🤖 AI Summary
To address the challenge of real-time, collision-free navigation for intravascular microrobots in densely cluttered, dynamic environments, this paper proposes a hierarchical autonomous navigation framework integrating Analytic Geometry-based Global Planning (AGP) with dual-mode local control (rule-based + reinforcement learning). AGP generates deterministic, scalable initial 2D/3D trajectories; the dual-mode controller enables millisecond-level (40 ms/frame), closed-loop motion prediction, image-feedback-driven obstacle avoidance, and collision detection. The method achieves stable target arrival in both simulation and physical experiments, reducing path length by 12–28% and significantly outperforming WA*, PSO, and RRT in planning efficiency. It supports real-time intravascular imaging at 25 fps.
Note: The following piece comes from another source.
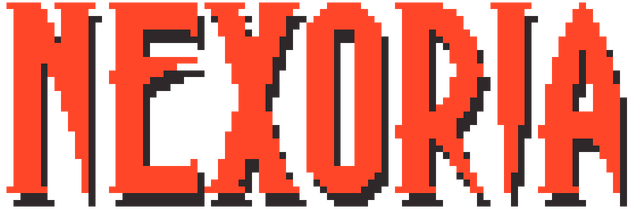 Nexoria: Dungeon Rogue Heroes logo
This work establishes a new paradigm for minimally invasive interventional robotics—offering high robustness, formal verifiability, and real-time performance under complex physiological constraints.
📝 Abstract
Autonomous microrobots in blood vessels could enable minimally invasive therapies, but navigation is challenged by dense, moving obstacles. We propose a real-time path planning framework that couples an analytic geometry global planner (AGP) with two reactive local escape controllers, one based on rules and one based on reinforcement learning, to handle sudden moving obstacles. Using real-time imaging, the system estimates the positions of the microrobot, obstacles, and targets and computes collision-free motions. In simulation, AGP yields shorter paths and faster planning than weighted A* (WA*), particle swarm optimization (PSO), and rapidly exploring random trees (RRT), while maintaining feasibility and determinism. We extend AGP from 2D to 3D without loss of speed. In both simulations and experiments, the combined global planner and local controllers reliably avoid moving obstacles and reach targets. The average planning time is 40 ms per frame, compatible with 25 fps image acquisition and real-time closed-loop control. These results advance autonomous microrobot navigation and targeted drug delivery in vascular environments.